**EXERCISE DIRECTIONS**:
Set down the line containing "Meine Musik: Matteo" and each line after it through the last line of the records, exactly, leaving pictures out.

DATA SHOWN: Begin

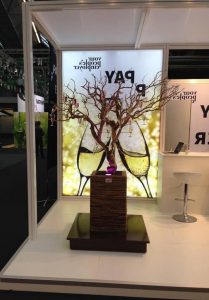 Arbol de champaña para stands de feria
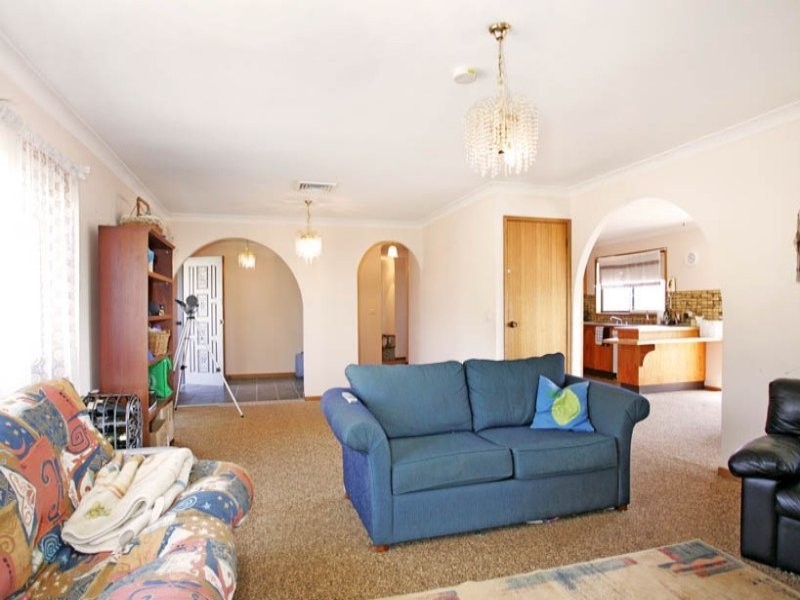 30 Promenade Avenue, Bateau Bay NSW 2261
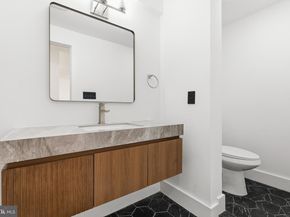 12011 Meadowville Court, Herndon VA 20170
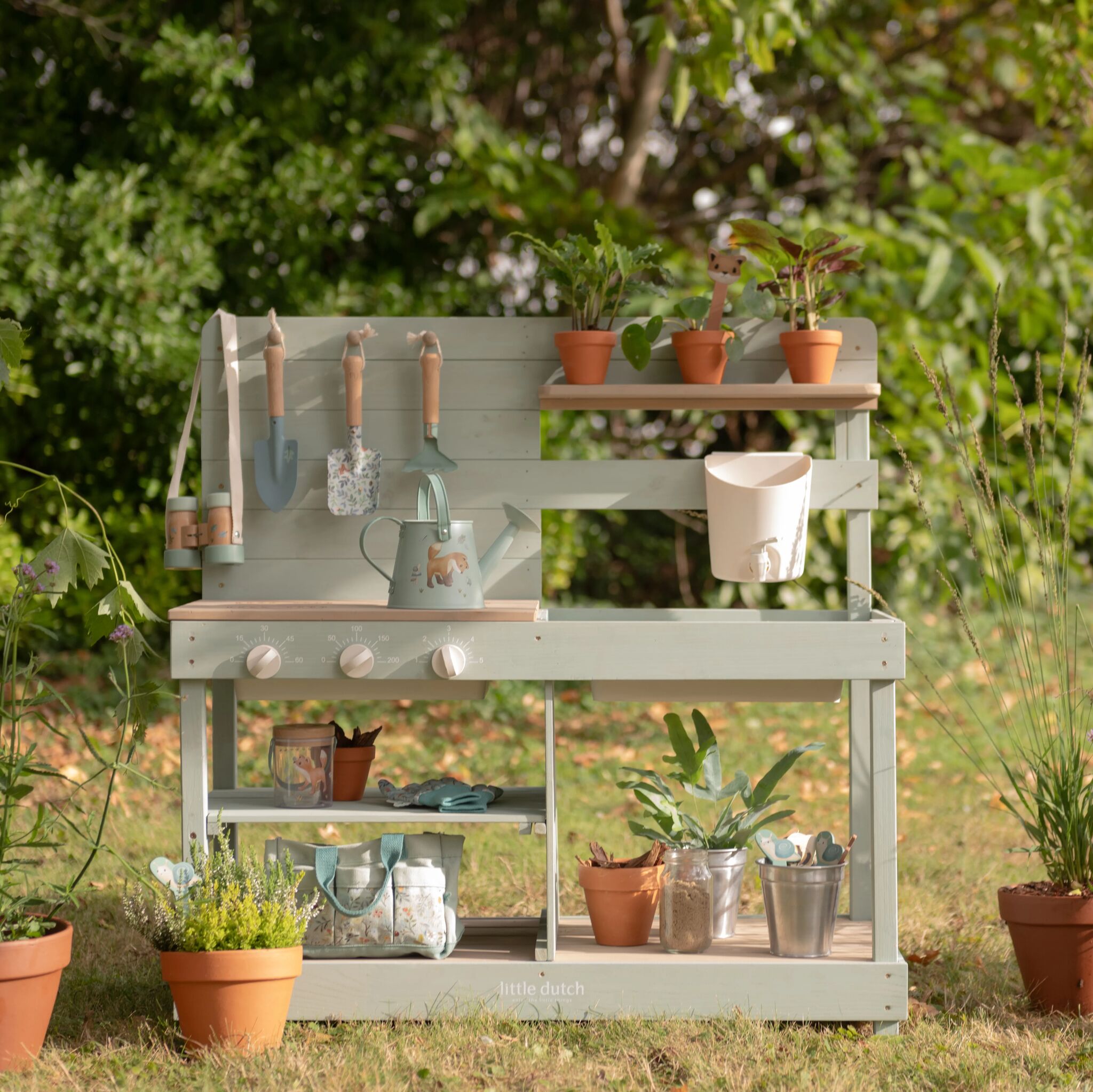 Holzküche im Freien - Grün 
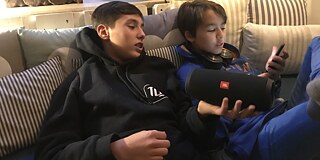 Meine Musik: Matteo (13) und Noah (12) hören Cro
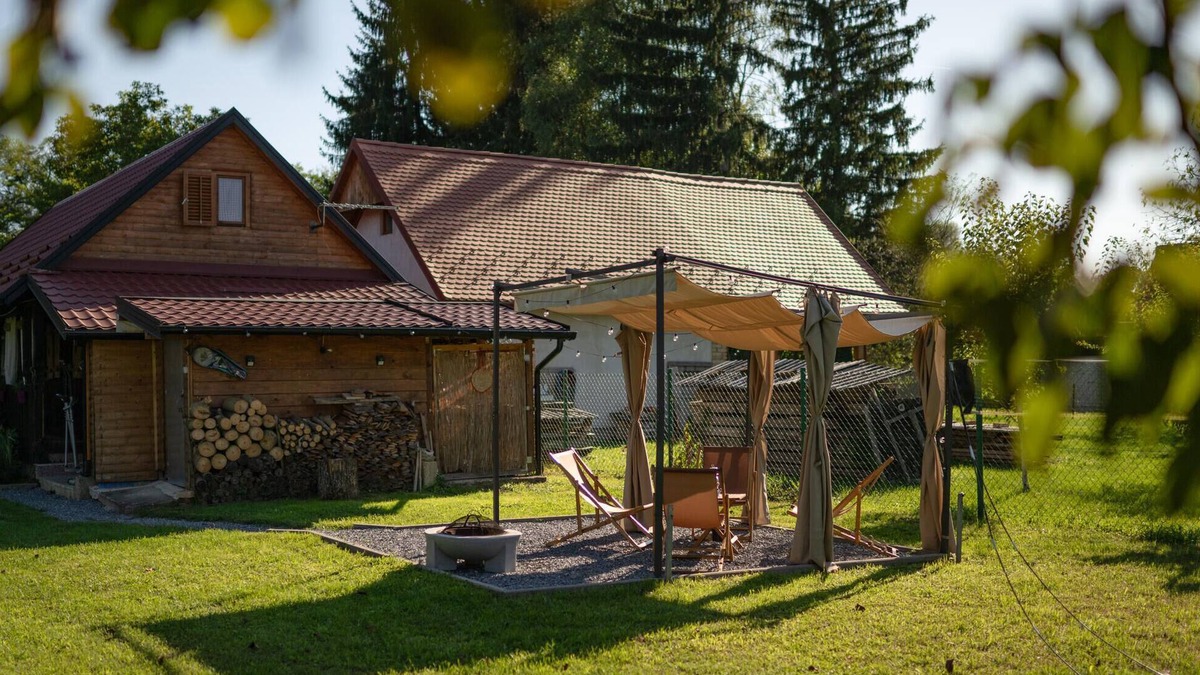 Lekenik House | Cozy home in Stari Brod with sauna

DATA SHOWN: End

**RESULT OF THE EXERCISE**:
 Meine Musik: Matteo (13) und Noah (12) hören Cro
 Lekenik House | Cozy home in Stari Brod with sauna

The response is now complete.